Let’s try this one for size: The MTA yesterday released the results of its first-ever agency-wide standardized customer satisfaction survey, and while New Yorkers seem to make a sport out of hating the MTA, most riders seem to be satisfied with the state of their subway and mass transit survey. The results seem to belie reality on the ground, but when faced with a choice, New Yorkers may recognize the limitations of a vast system and their intractable demands.

The MTA didn’t share too much about methodology, but the authority says this survey represents the first time such statistics have been compiled “across the MTA family.” Customers were asked to rate the quality of service; MTA employees; on-board conditions such as lighting and comfort; information and communication; convenience, safety and security; home stations; and overall satisfaction. The commuter rail roads were deemed exemplary as as 93 percent of respondents say they are satisfied or very satisfied with Metro-North and 89 percent say the same of Long Island Rail Road. Overall, 18,000 people responded to the survey, and the results have margins of errors ranging from 1 to 4 percent.
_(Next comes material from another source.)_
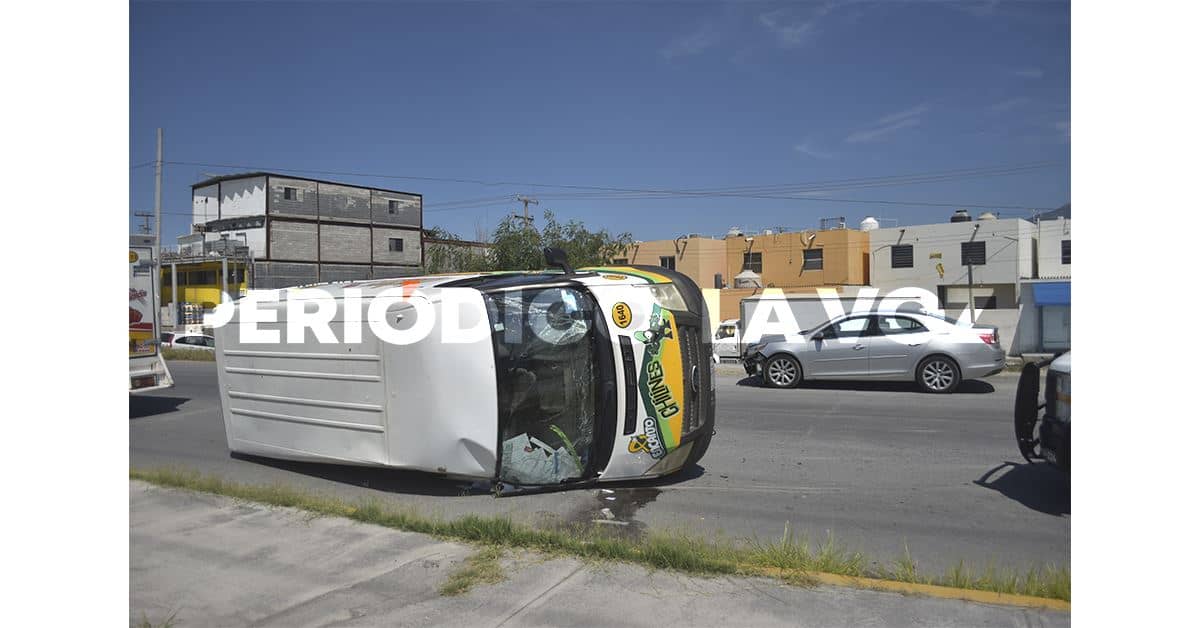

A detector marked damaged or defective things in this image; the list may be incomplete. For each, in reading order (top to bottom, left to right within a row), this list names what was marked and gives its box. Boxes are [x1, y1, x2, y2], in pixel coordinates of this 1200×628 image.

overturned van [214, 255, 712, 490]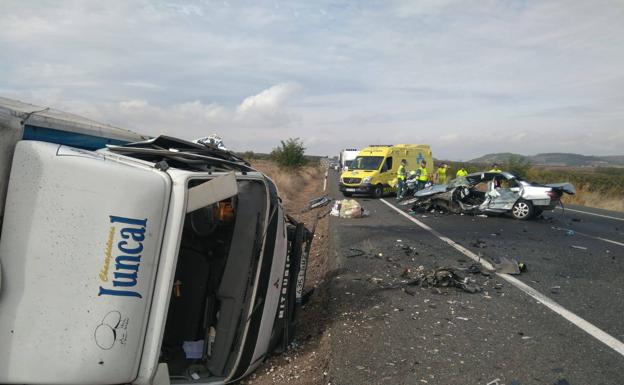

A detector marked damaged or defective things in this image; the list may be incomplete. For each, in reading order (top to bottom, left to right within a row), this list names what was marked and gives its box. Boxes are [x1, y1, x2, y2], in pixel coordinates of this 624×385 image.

overturned white truck [0, 98, 312, 384]
crashed silver car [400, 171, 576, 219]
Let’s drill down on the Transit results. The various presentations are all available right here. Initially, we see that the MTA used a 10-point sliding scale but grouped responses into four categories. Those who ranked services at 1 or 2 are considered very dissatisfied; 3-5 are simply dissatisfied; 6-8 means satisfied; and 9 or 10 lead to very satisfied customers. The presentation of the results, in other words, simplifies the scale.

Immediately, we see that 95 percent of riders are either satisfied or very satisfied with the countdown clocks. It’s hard to imagine anyone being dissatisfied with the efforts to bring real-time information underground, but I guess five percent of people prefer the time-tested method of peering wistfully into an empty tunnel.
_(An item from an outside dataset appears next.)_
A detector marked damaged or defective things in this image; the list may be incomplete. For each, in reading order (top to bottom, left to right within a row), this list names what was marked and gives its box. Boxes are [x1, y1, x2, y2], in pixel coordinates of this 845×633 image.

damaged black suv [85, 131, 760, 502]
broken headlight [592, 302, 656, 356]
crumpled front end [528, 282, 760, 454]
On an overall basis, 71 percent of riders were satisfied with subway service, and 77 percent were satisfied with the line they use most often. That result seems to bolster the theory I set forth yesterday: Straphangers grow attached to their favorite train lines. In terms of service quality, 83 percent of people were satisfied with subway travel times while only 65 percent were satisfied with wait times. The MTA expects that real-time train arrival information will boost that figure, but I believe that until riders never have to wait for trains, they won’t be fully satisfied with service.
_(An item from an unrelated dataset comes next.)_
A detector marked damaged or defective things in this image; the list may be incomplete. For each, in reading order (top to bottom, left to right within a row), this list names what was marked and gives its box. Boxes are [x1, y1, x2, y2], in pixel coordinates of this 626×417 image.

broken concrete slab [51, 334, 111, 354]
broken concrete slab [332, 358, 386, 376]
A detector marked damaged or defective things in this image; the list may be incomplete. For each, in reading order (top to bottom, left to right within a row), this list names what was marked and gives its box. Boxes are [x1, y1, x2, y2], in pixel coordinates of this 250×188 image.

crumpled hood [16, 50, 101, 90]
Next, we examine the information and communication totals. Clearly, riders enjoy having more info at their fingertips, but we start to see some sample size and selection bias concerns. Only 103 subscribers responded to the survey over email alerts, and these were, by and large, the satisfied customers. The placement of maps in the system, always a hot topic, drew some criticism.

The authority didn’t score too highly when it came to non-automated sources of information though. Only 69 percent of riders rated notices of service changes at least a six on the MTA’s scale, and only 56 said on-board announcements were clear. Only 62 percent found the availability of pocket maps satisfactory. While the MTA’s system is more complex than, say, London’s, the lack of a small pocket map is noticeable.

By and large, customers are happy with the rolling stock, and since so much of it is new, they ought to be. Where the authority is lagging though is in the cleanliness department. Only 68 percent were satisfied with car cleanliness, and just 64 percent say the stations are clean enough. That latter total seems far too high to me.

Interestingly, after nearly a year of debate over the role of station agents, straphangers didn’t say the subways seemed unsafe. Concerns were most pronounced after dark though as 80 percent say they feel personally secure before 8 p.m. but only 60 percent feel the same after 8 p.m. I’ll withhold judgment until we have another year’s worth of data to assess, but I can’t imagine those figures moving too far in either direction.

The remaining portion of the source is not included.